**About this task**
What you write should be an exact repeat of the lines from the one with "That's Not My" through the final line below, minus the pictures.

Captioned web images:
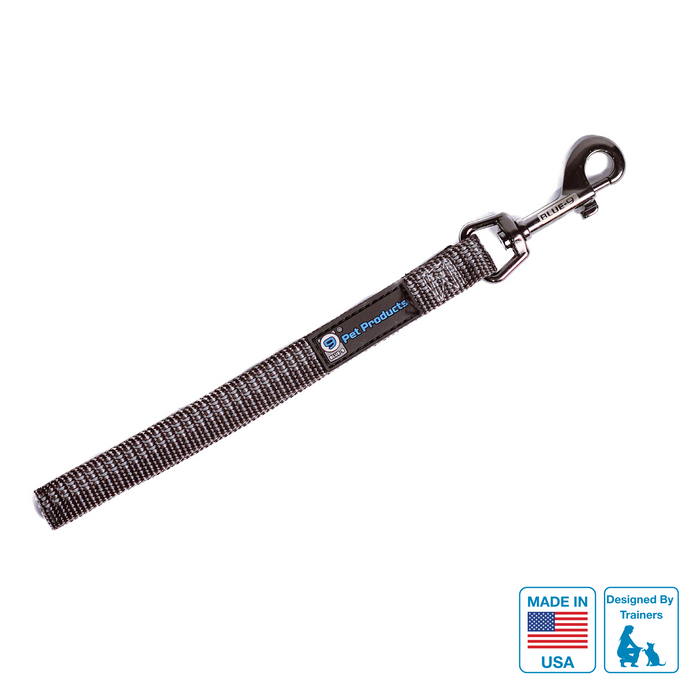 grey reflective tab leash with blue-9 pet products logo and silver hardware on a white background
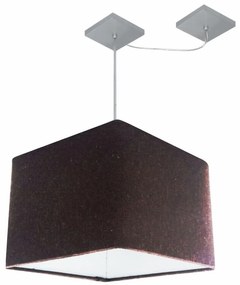 Lustre Pendente Quadrado Com Desvio Md-4269 Cúpula em Tecido 30/40x40cm Café - Bivolt
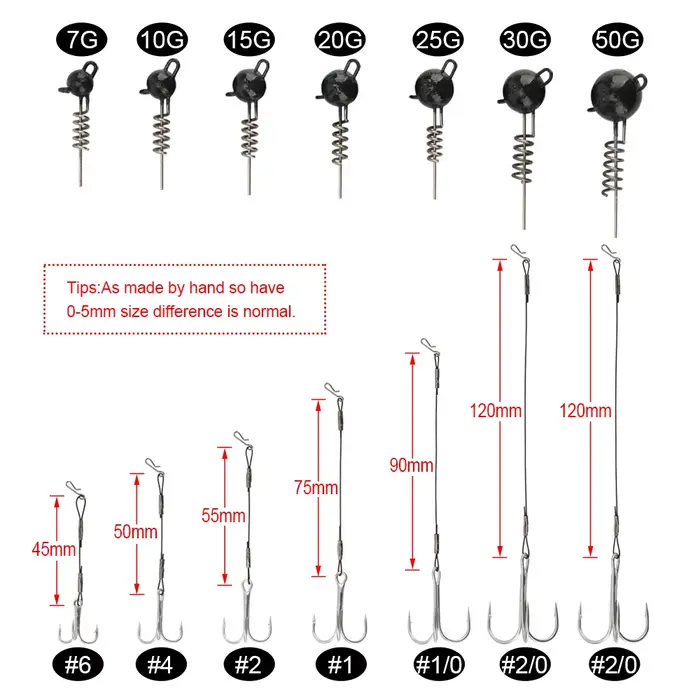 Tête Jig en bois de rose avec hameçons triple aiguisés - montage stinger rig pour basse, brochet et mer
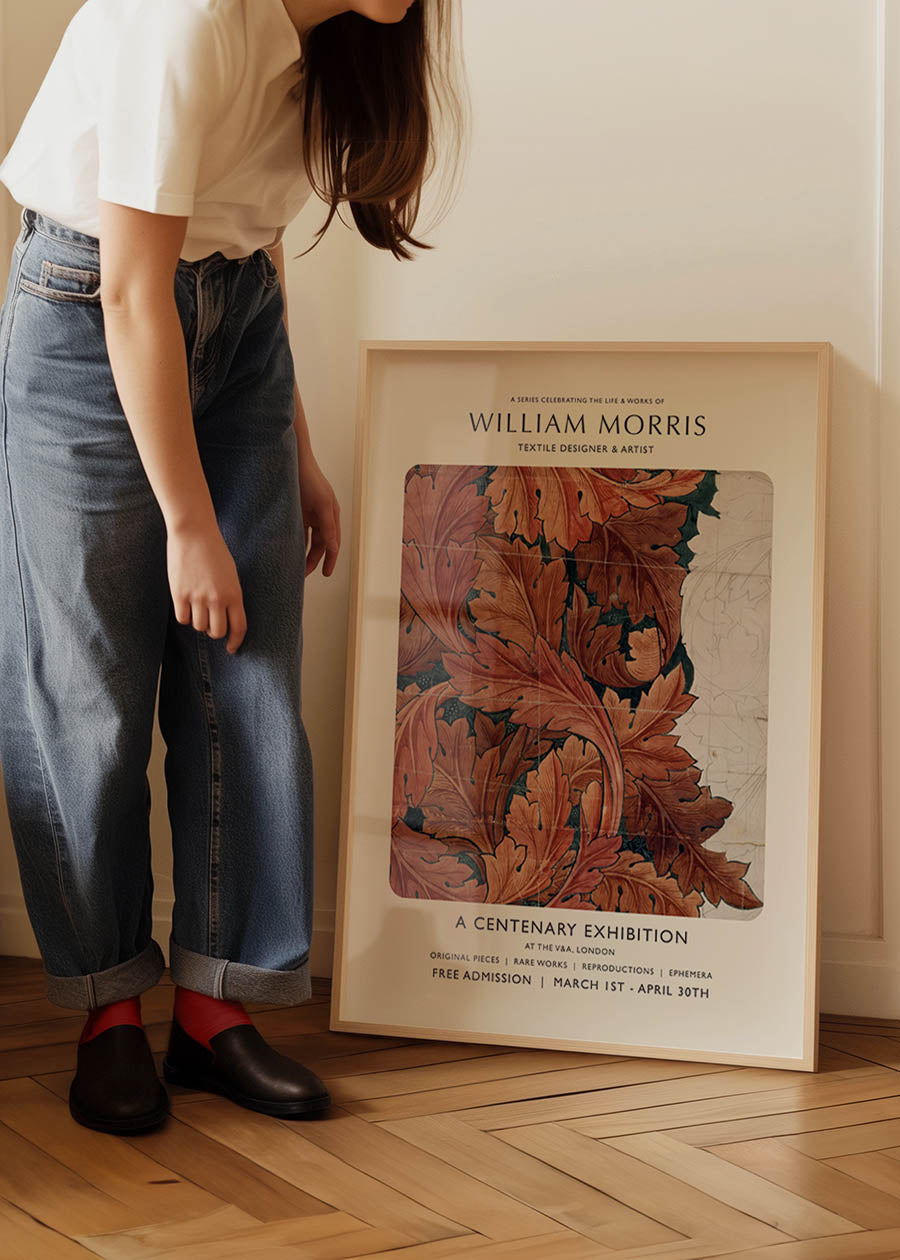 William Morris Leaves Sketch centenary exhibition poster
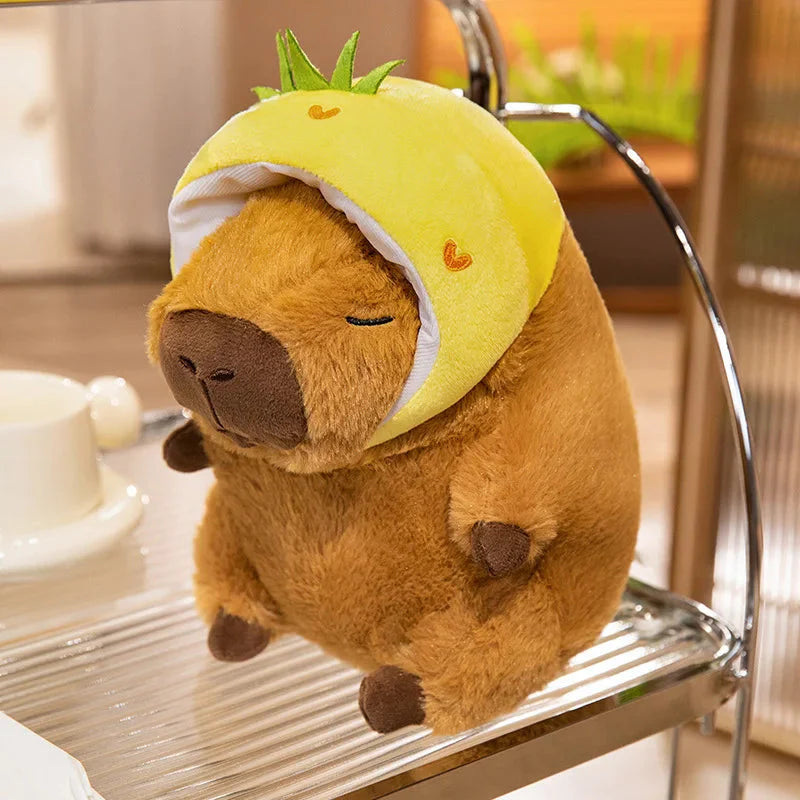 Adorable Chunky Capybara Plush Toy with Cute Hat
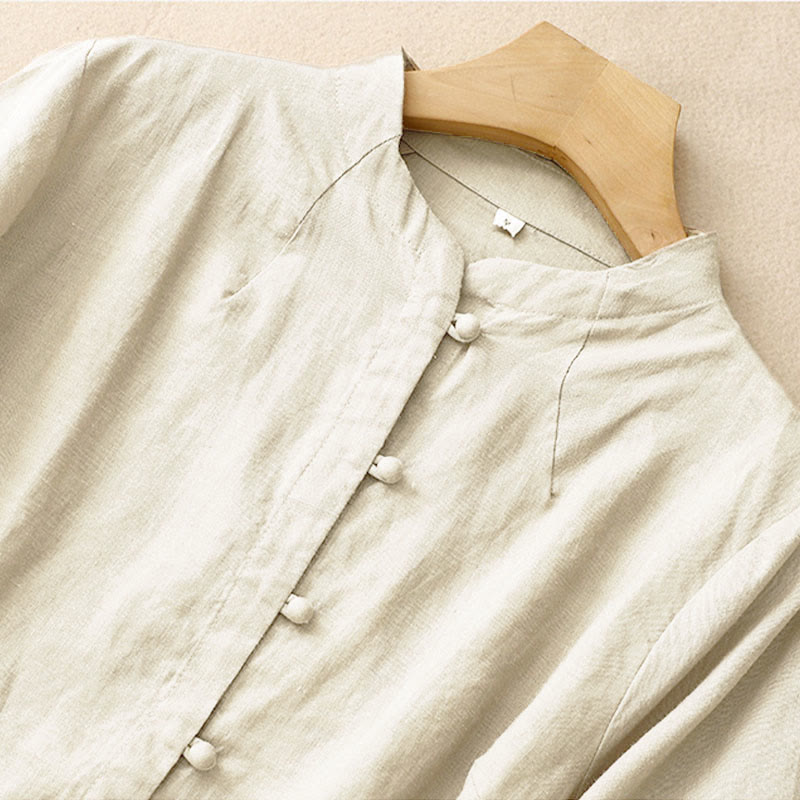 Buddha Stones Summer Women's Cotton Short Sleeve Stand Collar Side Slit Frog-Button Design Shirt - image 2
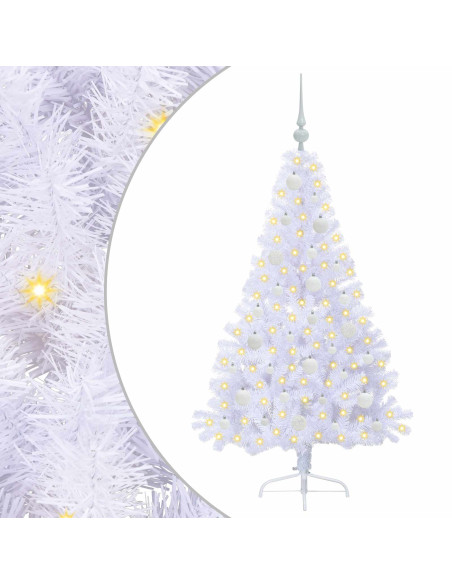 Albero di Natale artificiale Bianco 150 cm PVC e Acciaio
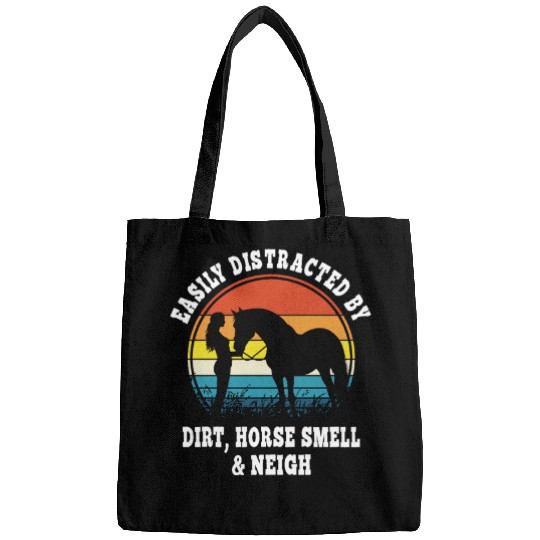 Retro Sunset Horse Girl Vintage Equestrian Rainbow Bags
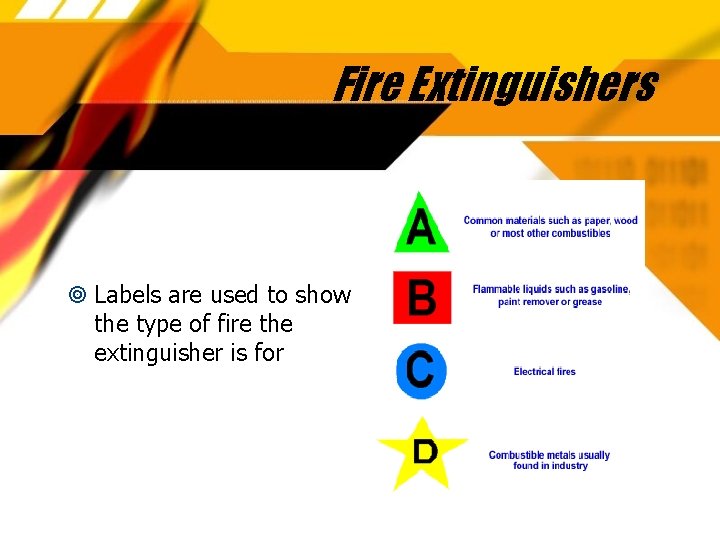 Fire Extinguishers Labels are used to show the type of fire the extinguisher is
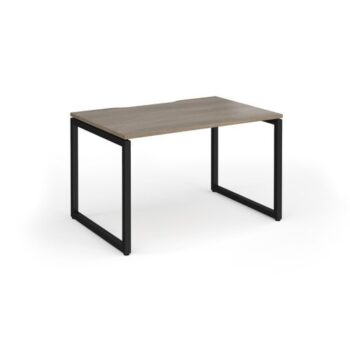 Connex Plus O Frame 1200 x 800 x 725mm Single Desk - Black Frame / Nebraska Oak Top - HCO128-K-NO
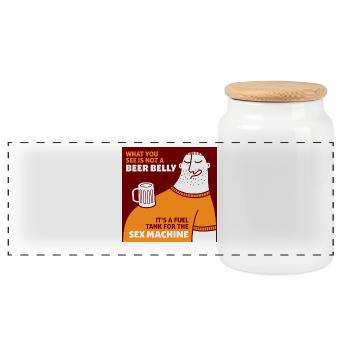 That's Not My Beer Belly! It's A Fuel Tank! - Panoramic Cookie Jar with Wooden Lid - white - Front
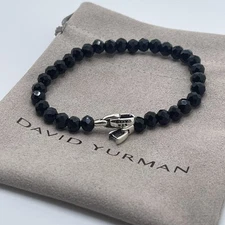 David Yurman Sterling Silver Spiritual Bead Black Spinel Bracelet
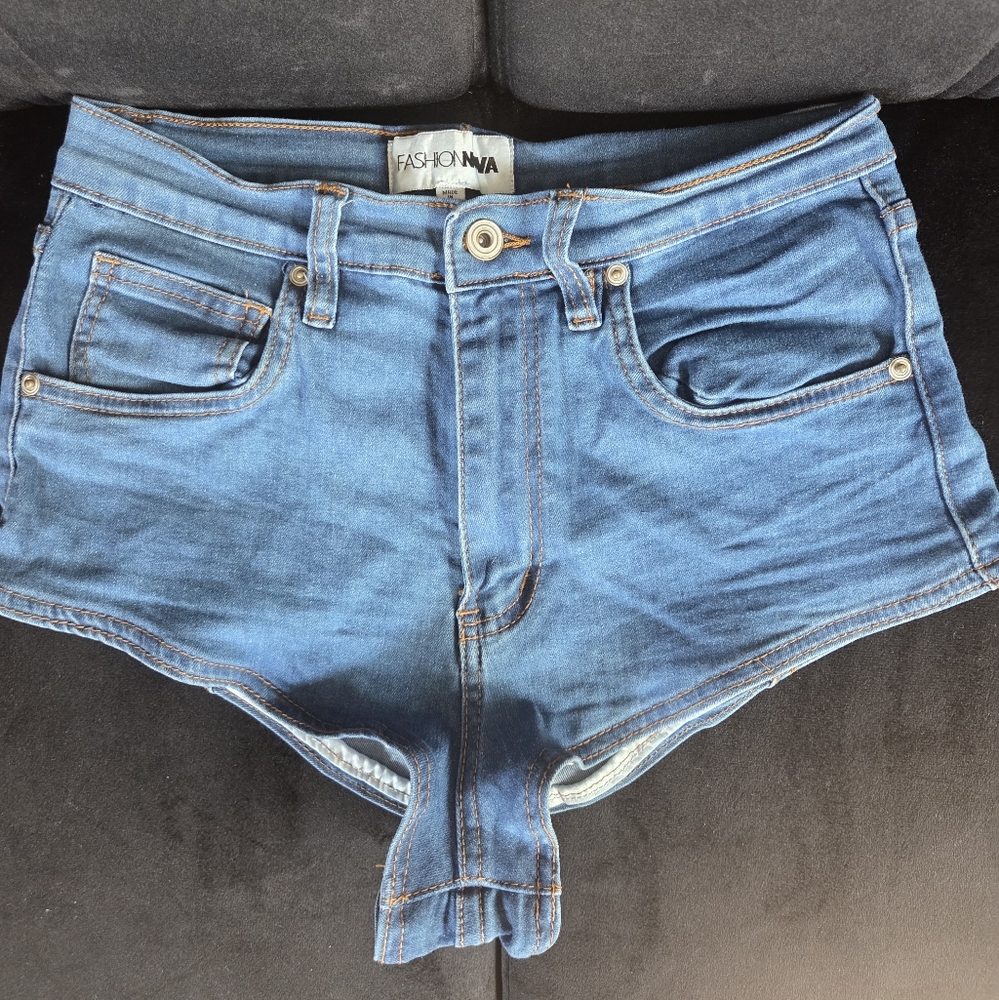 Fashion Nova Classic Blue Denim High Cut Shorts Size 9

**Result for this task**
 That's Not My Beer Belly! It's A Fuel Tank! - Panoramic Cookie Jar with Wooden Lid - white - Front
 David Yurman Sterling Silver Spiritual Bead Black Spinel Bracelet
 Fashion Nova Classic Blue Denim High Cut Shorts Size 9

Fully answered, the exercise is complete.